Kovac warnt Süle und reagiert cool auf Hoeneß' Stammplatz-Forderung

Der Schock dürfte beim FC Bayern noch tief sitzen: Am Samstag gab es in der Bundesliga gegen den FC Augsburg erst einen frühen Rückstand, dann die Verletzung von Niklas Süle, die sich als Kreuzbandriss herausstellte, und obendrein noch ein spätes Tor zum 2:2-Ausgleich. "Nicht Bayern-like", befand Kapitän Manuel Neuer nach dem Abpfiff.

Aber, wie heißt es so schön? Nach dem Spiel ist vor dem Spiel. Am Dienstagabend muss der Rekordmeister nämlich schon wieder ran, in der Champions League geht es auswärts gegen Olympiakos Piräus, es ist das dritte Gruppenspiel der aktuellen Königsklassensaison.

Auf der Pressekonferenz vor dem Spiel beantworteten Trainer Niko Kovac und Linksverteidiger David Alaba die Fragen der Journalisten.

Die großen Fragen waren, na klar, Süles Verletzung und die Aussagen von Uli Hoeneß, die der Bayern-Präsident am Montagmorgen vor dem Abflug nach Griechenland über Süle und Javi Martínez tätigte...

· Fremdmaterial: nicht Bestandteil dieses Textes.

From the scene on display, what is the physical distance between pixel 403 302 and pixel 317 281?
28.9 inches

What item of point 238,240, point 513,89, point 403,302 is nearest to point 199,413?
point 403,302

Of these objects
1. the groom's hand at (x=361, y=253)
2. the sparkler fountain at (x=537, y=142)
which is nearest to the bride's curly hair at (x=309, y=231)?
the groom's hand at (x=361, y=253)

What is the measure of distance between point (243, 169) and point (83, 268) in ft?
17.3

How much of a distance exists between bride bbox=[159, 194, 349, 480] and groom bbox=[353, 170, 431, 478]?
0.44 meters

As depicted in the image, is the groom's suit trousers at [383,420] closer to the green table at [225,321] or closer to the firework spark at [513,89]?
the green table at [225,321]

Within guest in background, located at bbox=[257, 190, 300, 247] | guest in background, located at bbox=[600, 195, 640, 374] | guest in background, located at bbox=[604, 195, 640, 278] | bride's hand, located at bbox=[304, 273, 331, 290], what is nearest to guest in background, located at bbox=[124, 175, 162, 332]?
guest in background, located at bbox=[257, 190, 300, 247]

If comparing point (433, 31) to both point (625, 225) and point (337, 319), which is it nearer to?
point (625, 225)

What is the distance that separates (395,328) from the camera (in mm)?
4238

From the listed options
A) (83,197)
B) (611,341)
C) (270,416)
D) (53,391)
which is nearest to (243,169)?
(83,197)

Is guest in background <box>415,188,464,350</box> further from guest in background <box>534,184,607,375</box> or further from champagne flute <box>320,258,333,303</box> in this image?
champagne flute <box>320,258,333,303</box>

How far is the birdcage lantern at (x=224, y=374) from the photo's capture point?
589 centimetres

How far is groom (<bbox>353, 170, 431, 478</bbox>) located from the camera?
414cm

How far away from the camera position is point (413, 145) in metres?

David Alaba durfte beginnen

Zuerst betrat der österreichische Nationalspieler das Podium. Erstes Thema war die Verletzung von Niklas Süle, den Alaba auf der Pressekonferenz übrigens vertrat. "Ich weiß, dass die OP sehr gut verlaufen ist und wünsche Niki auf diesem Weg alles Gute", sagte Alaba über seinen Abwehrkollegen.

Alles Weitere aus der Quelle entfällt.